For the avoidance of doubt, the foregoing certifications with respect to the Borrower and its Subsidiaries include the Transferred Equity Interests and the Transferred Assets as such terms are defined in the Stock and Asset Purchase Agreement, dated as of April 30, 2020 between Magellan Health, Inc. and the Borrower.
 
IN WITNESS WHEREOF, I have executed this Solvency Certificate on the date first written above.
 
 
By:
 
 
 
Name:
 
 
Title: Chief Financial Officer


D-2

ANNEX E
 

 
TRANSACTION DESCRIPTION
 
Except as otherwise expressly provided, capitalized terms used but not defined in this Annex E shall have the meanings set forth in the Commitment Letter.  In the case of any such capitalized term that is subject to multiple and differing definitions, the appropriate meaning hereof in this Annex E shall be determined by reference to the context in which it is used.

The Borrower has entered into that certain Stock and Asset Purchase Agreement, dated as of April 30, 2020 (including all schedules and exhibits thereto, the “Acquisition Agreement”), with the Target.  Pursuant to the terms of the Acquisition Agreement, on the Closing Date, subject to the satisfaction or waiver of certain conditions set forth in the Acquisition Agreement, (a) the Target will cause certain of its affiliates to transfer to the Borrower, and the Borrower will purchase, the Transferred Equity Interests (as defined in the Acquisition Agreement) and (b) Seller Parties (as defined in the Acquisition Agreement) will, or will cause their applicable subsidiary to, transfer to the Borrower all of the Transferred Assets (as defined in the Acquisition Agreement).  The Transferred Equity Interests and the Transferred Assets are collectively referred to herein as the “Acquired Assets”.
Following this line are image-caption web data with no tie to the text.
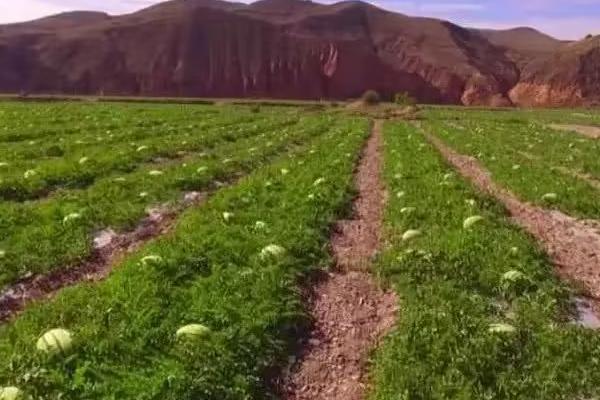 宁夏硒砂瓜为啥不让种，随着种植年限的增长会让土壤的水肥快速流失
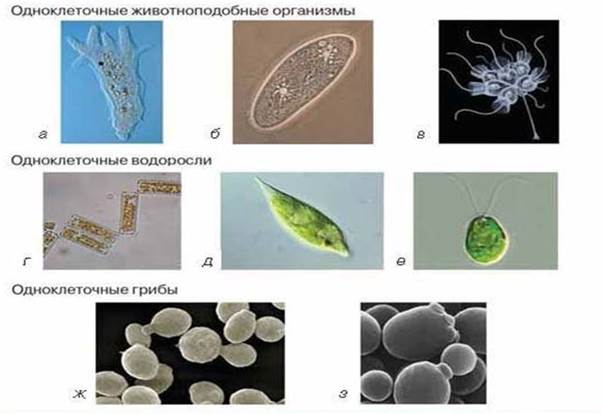 Тема: Особенности строения и функционирования одноклеточных организмов - student2.ru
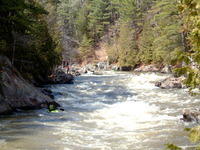 DSCF0520.jpg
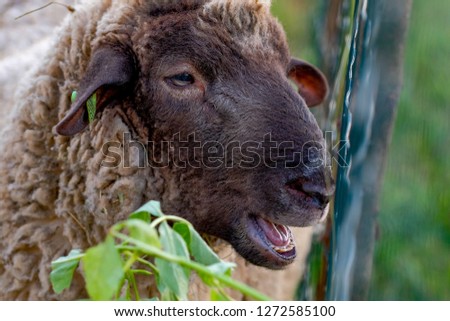 Talking sheep. Sheep with big brown muzzle and mouth wide open.
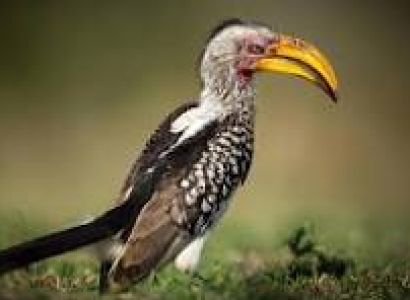 4 DAYS 3 NIGHTS MT ELGON KENYA SAFARI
In connection with the foregoing it is intended that:

1.
The Borrower will, on or prior to the Closing Date (i) amend, restate or replace that certain Credit Agreement, dated as of June 12, 2015 (as amended and restated, supplemented or otherwise modified or replaced prior to the date hereof, the “Existing Credit Agreement”) to allow for additional borrowings and/or incur additional indebtedness under any other new credit facility in excess of the $600.0 million of term loans and $500.0 million of revolving credit facility borrowing availability under the Existing Credit Agreement (collectively, the “Incremental Borrowings”), (ii) issue and sell senior unsecured notes (the “Senior Notes”) to the Lenders or in a public or private offering in an aggregate amount of $400.0 million, or (iii) issue and sell equity securities (including debt securities convertible or exchangeable into or exercisable for equity securities, other equity-linked securities or hybrid debt-equity securities) (“New Equity,” together with any Incremental Borrowings or Senior Notes the “Permanent Financing”) in a public or private offering, in an aggregate amount of $400.0 million.

E-1


2.
The cash on hand, borrowings under the Existing Credit Agreement and proceeds of the Permanent Financing or borrowings under the Facilities (to the extent borrowed on the Closing Date) will be applied to (i) pay the purchase price in connection with the Acquisition, (ii) pay the fees, costs and expenses incurred in connection with the Transactions (the amounts set forth in clauses (i) and (i) above, collectively, the “Acquisition Costs”) and (iii) satisfy any regulatory or statutory capital requirements applicable to the Borrower in connection with the transactions contemplated by the Acquisition Agreement.
 
The transactions described above (including the payment of Acquisition Costs) are collectively referred to herein as the “Transactions”.